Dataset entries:
◇ ◇ ◇

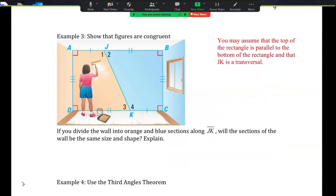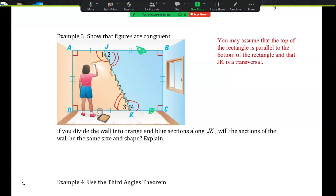There's a girl painting, and the problem says to show that the figures are congruent. You may assume the top of the rectangle is parallel to the bottom. If those sides are parallel, then angle 1 equals angle 4 because they're alternate interior angles, and angle 2 equals angle 3. And JK is in common to both, so the reflexive property lets us say JK equals itself.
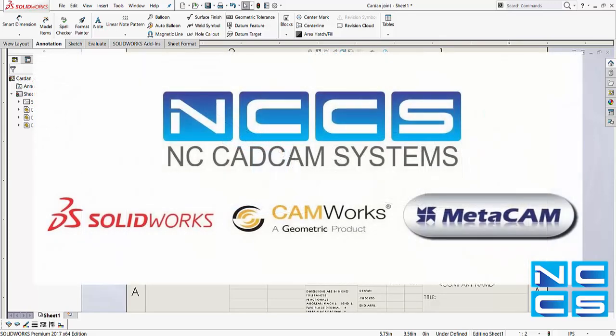Thanks again for watching another SOLIDWORKS video by NCCS, your SOLIDWORKS provider.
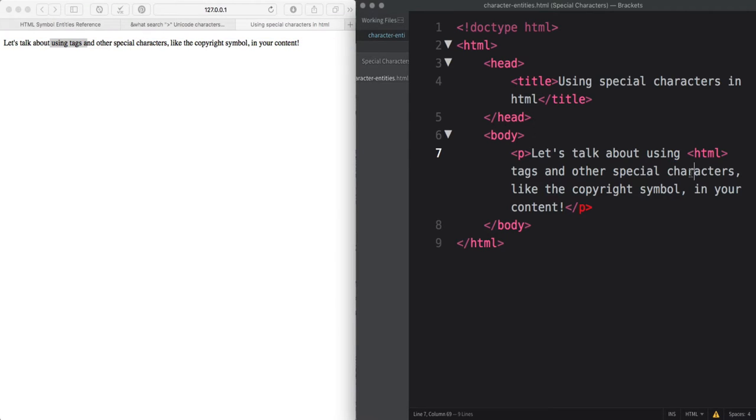To get around this issue, you'll use what's called a character entity. Character entities are short bits of code that your browser can easily read and convert into a special character for you. They're also helpful for including characters that aren't easily available on your keyboard like the copyright symbol.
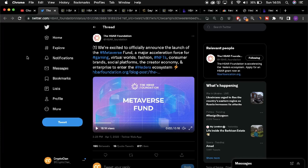Hey guys, welcome back to the channel. Today we'll be talking about a huge new metaverse fund on Hedera.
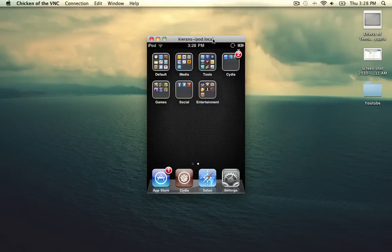Hey guys, what's going on? iTouchStuff here, and in today's video tutorial, I'm going to be showing you how to fix iFile on iOS 4.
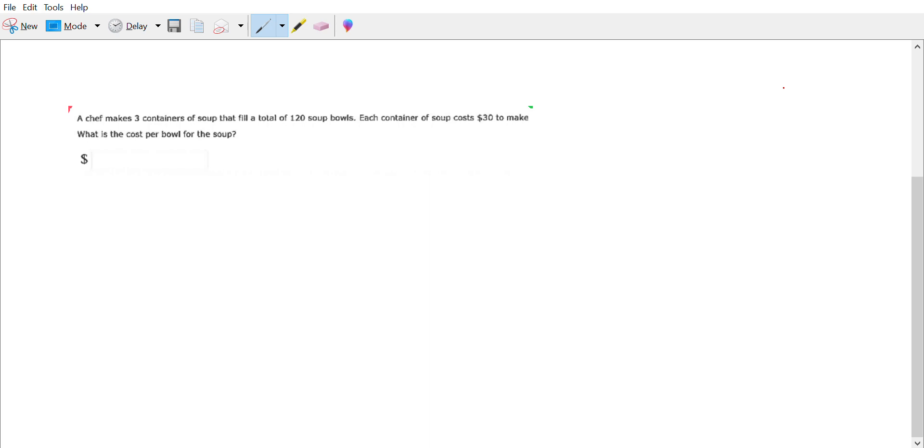So the first one is that we have three containers of soup and they contain 120 bowls of soup. So first, figure out how many bowls of soup is in one container.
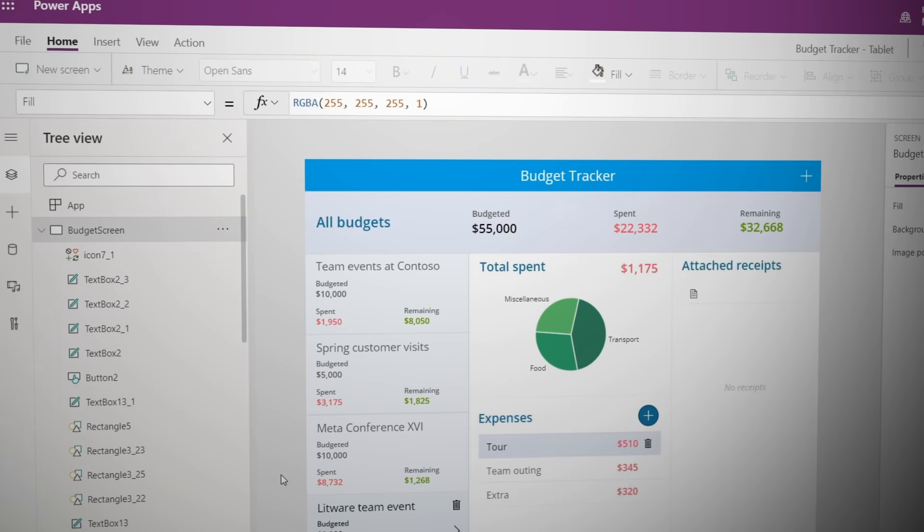You can also use the Microsoft Power Platform to build custom and automated experiences around your SCM data and processes using Power BI, Power Apps, and Power Automate.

◇ ◇ ◇

• WORK TASK
Beginning with the line where "Hey guys, what's" appears, restate word for word every line down to the last one in the data, but keep the pictures out.

• RESULT FOR THIS EXERCISE
Hey guys, what's going on? iTouchStuff here, and in today's video tutorial, I'm going to be showing you how to fix iFile on iOS 4.
So the first one is that we have three containers of soup and they contain 120 bowls of soup. So first, figure out how many bowls of soup is in one container.
You can also use the Microsoft Power Platform to build custom and automated experiences around your SCM data and processes using Power BI, Power Apps, and Power Automate.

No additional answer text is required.